Comfort in garden spirits

By ELIZABETH BETTENDORF
Published October 17, 2003

Christina Bellamy grew up wondering about the nature of life in her parents' garden:

When the maple trees floated seeds to earth, she watched small trees grow leggy and made Popsicle stick fences so they might be spared from the rotary lawn mower.

When she visited her grandparents on an island on Lake Erie, she loved the smell of the compost pile. It hinted of the forest floor, she remembers, a "fertile smell of solace and comfort."

This was a long time ago.

Now 61, Bellamy, a psychotherapist who practices in north Tampa, lectures frequently on spirituality and gardening.

She will speak from 9 a.m. to noon Oct. 25 at St. Andrew's Episcopal Church in downtown Tampa.

Her love for gardening blossomed into a lifelong journey; first on 110 acres in northeastern Ohio; and eventually in Florida, her home since 1980.

Florida is a humbling place to be a gardener, she said. She gave up growing zucchini long ago. And everyone knows tomatoes don't taste as wondrous and juicy as those plucked in a summer garden in the north.

Our "horrendous rains and massive droughts" may frustrate, she said, but they let us know that "something bigger is going on."

As far as the seasons, it's easy to believe they don't exist.

But open your eyes, she urges, and you will see.

Intuit, maybe.

"Smell the air right now," Bellamy said. "Dry air smells different than humid air. Look at the migrating birds, the swamp maples are vibrant red, the Granny Smith green of our landscape has turned brown and the sycamores have dropped their leaves."

In her own garden in Clearwater, Bellamy grows three kinds of papaya (Trang Viet Cuisine on Fowler Avenue used to serve it in their salads), banana trees, six kinds of ginger, rosemary and all sorts of butterfly plants that even draw hummingbirds.

The crown jewel is a 40-foot grapefruit tree full of thorns and fat, seedy fruit. Each one, she says, squeezes 14 ounces of juice.

Her 2,000-square-foot garden is an extension of her home, a collection of all kinds of plants people have given her over the years. Not a showplace.

But a place.

Just like her home.

"Home to me means place," she said. "It's not about the kind of window treatments you have or flooring or Martha Stewart paint colors."

Home to Bellamy is where she and her husband raised their large blended family - seven kids, lots of pets. The couch is so scratched by the cat that one year at Christmas they slapped a piece of duct tape over the tears.

"Green duct tape," Bellamy said, "for the holidays."

The duct tape remains.

So does her sentiment toward her home and garden.

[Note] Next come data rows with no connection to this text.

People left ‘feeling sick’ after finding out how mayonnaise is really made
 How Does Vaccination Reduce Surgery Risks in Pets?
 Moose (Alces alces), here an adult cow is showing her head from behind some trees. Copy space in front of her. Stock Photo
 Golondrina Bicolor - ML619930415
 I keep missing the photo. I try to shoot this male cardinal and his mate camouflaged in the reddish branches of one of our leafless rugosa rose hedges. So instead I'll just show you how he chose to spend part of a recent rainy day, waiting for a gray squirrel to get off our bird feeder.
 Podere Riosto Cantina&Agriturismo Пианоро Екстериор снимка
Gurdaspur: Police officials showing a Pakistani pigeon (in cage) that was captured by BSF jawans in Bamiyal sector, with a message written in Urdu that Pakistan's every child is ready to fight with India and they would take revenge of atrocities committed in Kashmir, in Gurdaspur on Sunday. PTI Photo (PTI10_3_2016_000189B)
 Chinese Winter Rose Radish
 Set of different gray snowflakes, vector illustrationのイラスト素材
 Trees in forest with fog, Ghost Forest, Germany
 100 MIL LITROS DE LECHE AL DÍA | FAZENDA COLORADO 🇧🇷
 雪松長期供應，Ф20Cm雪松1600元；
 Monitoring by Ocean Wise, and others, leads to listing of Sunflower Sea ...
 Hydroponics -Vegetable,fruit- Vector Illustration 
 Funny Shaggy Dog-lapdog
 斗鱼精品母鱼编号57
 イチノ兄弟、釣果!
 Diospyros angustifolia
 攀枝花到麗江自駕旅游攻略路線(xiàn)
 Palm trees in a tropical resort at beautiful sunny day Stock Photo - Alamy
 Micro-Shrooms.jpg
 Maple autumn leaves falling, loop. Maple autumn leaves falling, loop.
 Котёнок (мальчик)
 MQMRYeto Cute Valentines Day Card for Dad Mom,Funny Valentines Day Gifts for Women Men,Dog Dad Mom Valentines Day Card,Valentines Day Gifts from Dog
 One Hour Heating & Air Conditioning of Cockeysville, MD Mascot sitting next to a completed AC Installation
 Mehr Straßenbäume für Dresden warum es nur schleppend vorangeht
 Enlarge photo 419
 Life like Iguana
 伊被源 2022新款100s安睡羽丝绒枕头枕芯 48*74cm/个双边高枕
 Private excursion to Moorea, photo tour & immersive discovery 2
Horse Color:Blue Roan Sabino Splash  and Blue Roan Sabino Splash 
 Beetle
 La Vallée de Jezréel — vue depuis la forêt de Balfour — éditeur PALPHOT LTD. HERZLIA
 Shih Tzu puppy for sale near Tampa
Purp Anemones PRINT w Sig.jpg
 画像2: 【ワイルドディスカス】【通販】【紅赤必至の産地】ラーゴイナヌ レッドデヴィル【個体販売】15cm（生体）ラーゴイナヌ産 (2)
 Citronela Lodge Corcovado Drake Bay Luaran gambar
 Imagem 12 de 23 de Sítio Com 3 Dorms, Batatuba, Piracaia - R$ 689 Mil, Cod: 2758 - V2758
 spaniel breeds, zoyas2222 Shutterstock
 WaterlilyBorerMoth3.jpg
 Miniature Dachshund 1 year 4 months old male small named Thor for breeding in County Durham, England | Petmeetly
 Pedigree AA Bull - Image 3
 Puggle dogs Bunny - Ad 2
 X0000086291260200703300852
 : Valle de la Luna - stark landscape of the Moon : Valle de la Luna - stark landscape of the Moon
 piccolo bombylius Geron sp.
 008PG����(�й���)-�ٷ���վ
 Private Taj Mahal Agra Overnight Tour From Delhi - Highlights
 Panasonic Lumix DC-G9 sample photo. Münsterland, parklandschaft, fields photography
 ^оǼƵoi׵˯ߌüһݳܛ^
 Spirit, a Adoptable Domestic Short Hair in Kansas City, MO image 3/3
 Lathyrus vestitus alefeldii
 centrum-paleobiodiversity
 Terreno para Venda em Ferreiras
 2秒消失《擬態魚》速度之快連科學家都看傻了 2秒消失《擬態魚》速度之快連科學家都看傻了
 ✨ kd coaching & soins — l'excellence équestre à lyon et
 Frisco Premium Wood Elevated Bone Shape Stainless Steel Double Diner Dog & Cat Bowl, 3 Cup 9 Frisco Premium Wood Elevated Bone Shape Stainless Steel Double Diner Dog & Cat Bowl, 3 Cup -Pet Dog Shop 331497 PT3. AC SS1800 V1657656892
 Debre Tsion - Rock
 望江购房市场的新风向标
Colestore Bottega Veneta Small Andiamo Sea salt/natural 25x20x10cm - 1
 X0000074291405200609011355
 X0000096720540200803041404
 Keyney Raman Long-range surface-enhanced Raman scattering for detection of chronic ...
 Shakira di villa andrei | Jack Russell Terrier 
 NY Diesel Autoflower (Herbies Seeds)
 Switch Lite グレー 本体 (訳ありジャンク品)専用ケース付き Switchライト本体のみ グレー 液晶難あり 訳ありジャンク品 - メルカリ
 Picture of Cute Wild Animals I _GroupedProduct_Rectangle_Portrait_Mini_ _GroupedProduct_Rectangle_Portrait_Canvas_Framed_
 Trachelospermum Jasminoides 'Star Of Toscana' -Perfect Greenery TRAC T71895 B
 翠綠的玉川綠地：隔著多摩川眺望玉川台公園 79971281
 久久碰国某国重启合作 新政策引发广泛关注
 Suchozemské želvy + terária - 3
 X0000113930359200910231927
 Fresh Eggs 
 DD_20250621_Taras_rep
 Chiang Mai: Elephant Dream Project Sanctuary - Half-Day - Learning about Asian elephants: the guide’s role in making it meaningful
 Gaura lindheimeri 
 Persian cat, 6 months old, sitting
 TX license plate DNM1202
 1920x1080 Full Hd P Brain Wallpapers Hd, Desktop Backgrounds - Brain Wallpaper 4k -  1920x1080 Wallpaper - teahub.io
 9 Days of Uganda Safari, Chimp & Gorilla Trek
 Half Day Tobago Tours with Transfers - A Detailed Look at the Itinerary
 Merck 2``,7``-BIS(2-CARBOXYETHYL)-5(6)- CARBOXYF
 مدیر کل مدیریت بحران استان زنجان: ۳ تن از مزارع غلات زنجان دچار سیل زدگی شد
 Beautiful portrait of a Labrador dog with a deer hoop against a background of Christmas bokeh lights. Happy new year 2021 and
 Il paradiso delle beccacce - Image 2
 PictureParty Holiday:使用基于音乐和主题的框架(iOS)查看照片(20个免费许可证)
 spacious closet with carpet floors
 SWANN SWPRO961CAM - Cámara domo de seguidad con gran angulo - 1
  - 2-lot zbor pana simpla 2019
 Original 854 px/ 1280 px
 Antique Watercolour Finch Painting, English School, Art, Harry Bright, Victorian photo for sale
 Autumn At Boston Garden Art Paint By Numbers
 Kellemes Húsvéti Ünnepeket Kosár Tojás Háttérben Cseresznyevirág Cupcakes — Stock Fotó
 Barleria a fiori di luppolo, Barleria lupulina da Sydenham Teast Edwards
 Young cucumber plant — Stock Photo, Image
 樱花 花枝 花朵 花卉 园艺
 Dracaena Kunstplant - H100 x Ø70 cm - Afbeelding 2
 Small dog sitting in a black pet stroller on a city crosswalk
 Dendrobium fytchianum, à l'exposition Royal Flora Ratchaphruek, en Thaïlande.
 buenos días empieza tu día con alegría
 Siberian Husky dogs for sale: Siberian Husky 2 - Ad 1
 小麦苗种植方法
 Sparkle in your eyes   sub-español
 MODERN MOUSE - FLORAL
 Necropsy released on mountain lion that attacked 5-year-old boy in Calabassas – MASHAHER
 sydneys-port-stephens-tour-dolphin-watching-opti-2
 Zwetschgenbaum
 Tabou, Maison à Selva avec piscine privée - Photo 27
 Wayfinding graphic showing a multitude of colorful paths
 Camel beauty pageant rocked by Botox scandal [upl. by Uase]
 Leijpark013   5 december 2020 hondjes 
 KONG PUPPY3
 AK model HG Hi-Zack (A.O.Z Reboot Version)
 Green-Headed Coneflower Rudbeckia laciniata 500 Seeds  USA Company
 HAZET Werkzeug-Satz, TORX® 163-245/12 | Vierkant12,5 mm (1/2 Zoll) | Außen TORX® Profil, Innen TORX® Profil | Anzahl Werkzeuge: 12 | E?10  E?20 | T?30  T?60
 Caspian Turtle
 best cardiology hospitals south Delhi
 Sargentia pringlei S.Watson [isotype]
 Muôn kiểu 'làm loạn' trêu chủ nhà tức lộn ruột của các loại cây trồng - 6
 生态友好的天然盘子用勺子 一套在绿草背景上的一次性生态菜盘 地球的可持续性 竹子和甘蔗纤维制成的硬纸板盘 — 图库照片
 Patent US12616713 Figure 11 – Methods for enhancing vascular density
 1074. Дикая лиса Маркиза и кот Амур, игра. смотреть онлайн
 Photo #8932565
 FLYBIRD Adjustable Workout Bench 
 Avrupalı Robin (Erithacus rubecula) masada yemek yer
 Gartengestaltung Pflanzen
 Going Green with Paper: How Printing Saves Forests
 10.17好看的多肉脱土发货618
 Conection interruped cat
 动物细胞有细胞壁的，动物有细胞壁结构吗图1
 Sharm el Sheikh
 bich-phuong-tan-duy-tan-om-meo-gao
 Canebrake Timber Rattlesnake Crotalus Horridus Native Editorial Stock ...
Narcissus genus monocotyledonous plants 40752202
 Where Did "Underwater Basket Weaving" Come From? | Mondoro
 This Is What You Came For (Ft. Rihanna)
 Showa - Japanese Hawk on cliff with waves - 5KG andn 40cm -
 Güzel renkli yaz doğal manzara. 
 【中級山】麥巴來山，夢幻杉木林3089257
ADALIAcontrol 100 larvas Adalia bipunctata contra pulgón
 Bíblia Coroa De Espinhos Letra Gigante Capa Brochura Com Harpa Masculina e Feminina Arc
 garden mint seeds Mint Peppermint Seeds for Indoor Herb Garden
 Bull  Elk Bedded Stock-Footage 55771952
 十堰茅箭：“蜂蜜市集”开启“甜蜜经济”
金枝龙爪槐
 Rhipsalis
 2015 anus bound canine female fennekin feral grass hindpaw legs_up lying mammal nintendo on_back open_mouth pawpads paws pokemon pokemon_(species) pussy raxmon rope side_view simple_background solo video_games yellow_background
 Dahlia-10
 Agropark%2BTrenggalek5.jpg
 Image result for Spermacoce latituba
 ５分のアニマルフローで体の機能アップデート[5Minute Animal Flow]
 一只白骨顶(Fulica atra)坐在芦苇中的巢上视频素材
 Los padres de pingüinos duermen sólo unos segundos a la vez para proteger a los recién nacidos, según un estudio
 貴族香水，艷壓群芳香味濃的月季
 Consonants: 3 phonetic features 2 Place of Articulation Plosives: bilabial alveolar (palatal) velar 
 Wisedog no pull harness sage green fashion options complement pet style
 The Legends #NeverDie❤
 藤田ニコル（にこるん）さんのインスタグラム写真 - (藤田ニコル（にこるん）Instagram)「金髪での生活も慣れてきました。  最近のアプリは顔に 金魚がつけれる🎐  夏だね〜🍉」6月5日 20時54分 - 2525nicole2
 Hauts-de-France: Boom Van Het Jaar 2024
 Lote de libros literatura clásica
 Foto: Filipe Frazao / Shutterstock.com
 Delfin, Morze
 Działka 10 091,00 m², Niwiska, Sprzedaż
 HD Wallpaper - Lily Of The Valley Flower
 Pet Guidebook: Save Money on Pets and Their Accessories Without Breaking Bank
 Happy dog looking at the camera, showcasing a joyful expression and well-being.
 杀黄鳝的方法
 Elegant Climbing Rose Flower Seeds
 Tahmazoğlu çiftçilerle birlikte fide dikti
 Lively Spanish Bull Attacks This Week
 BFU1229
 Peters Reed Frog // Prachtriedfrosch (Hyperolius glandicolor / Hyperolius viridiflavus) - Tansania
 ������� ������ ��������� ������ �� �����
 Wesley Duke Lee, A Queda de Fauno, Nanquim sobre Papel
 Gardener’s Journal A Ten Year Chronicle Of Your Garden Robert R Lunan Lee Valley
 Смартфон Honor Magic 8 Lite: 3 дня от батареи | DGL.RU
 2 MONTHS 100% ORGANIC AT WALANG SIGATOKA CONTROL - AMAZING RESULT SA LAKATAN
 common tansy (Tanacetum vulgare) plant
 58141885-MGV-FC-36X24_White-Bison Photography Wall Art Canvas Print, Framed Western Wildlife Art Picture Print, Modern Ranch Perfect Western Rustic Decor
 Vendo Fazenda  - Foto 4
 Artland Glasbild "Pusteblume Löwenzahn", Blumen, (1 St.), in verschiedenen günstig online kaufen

On Oct. 28, 2002, the Bellamys' 35-year-old daughter, Hilary, a senior policy associate who specialized in maternal and child health issues, collapsed while running a marathon in Washington, D.C.

She lapsed into a coma and died the next day.

"Needless to say, it's been a long, strange year," Bellamy said.

On the anniversary of Hilary's death, friends will gather at the Bellamys' house to remember a friend they loved.

"This is where she grew up, played, had her babies," Bellamy said. "Her close friends who grew up with her still know our home phone number."

By heart.

What Bellamy's husband, Ned, also knows by heart is the emotional road map of their home.

One day he wrapped his hand around the front door knob and paused.

"Think of all the times Hilary had her hand on this knob to go out this door," he said.

Christina Bellamy wears her silver hair short and has a way of describing things like her favorite nature writers and poets:

Mary Oliver, Annie Dillard, Wendell Berry.

She is generous with readings and thoughts, calling someone she has just met to say she has found some poems she thinks are particularly beautiful.

In parting, she gives away a collection of quotes she has gathered over the years.

At the top of the list, the words of Alla Renee Rozarth, from the 1991 book Earth Prayers:

"The small plot of ground on which you were born cannot be expected to stay forever the same. Earth changes, and home becomes different places," Rozarth wrote. "You have opposing terrain in each eye. You belong to land and sky of your first cry, you belong to infinity."